Software-based Border Router
dylan.ebner at crlmed.com
Mon Sep 27 20:59:15 UTC 2010
We have looked at using open source routers for our border, but in the end we cannot make the numbers add up. Once Cisco released the x9xx ISR2 routers, the x8xx have tanked in price on the used market. So, for about the same as a vyatta router running on newer hardware that you can trust you can get a 28xx or 38xx. If you also want support, Cisco will support these at less than $100/month and that gets you access to the IOS upgrades and a 4 hr. replacement window. I know I sleep better knowing Cisco will drop off a router in less than 4 hours if one of mine fails.
From: Nathanael C. Cariaga [mailto:nccariaga at stluke.com.ph]
Sent: Sunday, September 26, 2010 4:42 AM
To: nanog at nanog.org
Subject: Software-based Border Router
Just want to ask if anyone here had experience deploying software-based routers to serve as perimeter / border router? How does it gauge with hardware-based routers? Any past experiences will be very much appreciated.
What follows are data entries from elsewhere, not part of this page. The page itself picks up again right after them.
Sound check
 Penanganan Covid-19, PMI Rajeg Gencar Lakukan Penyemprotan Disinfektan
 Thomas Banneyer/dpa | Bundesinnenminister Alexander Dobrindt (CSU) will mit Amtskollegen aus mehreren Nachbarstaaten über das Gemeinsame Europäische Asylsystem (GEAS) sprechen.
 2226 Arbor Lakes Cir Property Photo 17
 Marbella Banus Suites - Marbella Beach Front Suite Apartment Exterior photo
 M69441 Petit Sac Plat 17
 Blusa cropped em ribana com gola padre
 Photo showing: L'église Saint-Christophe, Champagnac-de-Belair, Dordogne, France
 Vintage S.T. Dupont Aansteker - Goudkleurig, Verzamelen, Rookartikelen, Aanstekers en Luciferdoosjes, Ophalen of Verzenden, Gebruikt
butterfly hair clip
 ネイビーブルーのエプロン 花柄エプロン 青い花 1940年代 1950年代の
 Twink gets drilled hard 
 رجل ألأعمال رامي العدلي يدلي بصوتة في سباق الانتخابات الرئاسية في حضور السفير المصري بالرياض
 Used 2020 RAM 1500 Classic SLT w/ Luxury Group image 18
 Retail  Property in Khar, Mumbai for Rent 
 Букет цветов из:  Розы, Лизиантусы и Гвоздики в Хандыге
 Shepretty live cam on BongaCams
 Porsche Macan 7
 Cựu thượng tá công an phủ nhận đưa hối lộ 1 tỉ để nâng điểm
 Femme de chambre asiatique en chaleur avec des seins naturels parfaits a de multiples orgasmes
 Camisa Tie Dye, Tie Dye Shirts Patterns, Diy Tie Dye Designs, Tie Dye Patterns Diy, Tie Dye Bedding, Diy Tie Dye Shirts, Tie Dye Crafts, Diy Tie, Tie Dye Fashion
I wanted to know because we've been asked if we want to assume full control of the internet link (up to the router). By assuming control up to the router, we still want to configure iBGP with our parent network so that we can take advantage of some routes available to the parent network's gateway. The saddest part is presently we do not have the router to serve as our gateway this is why we are considering the use of software-based routers.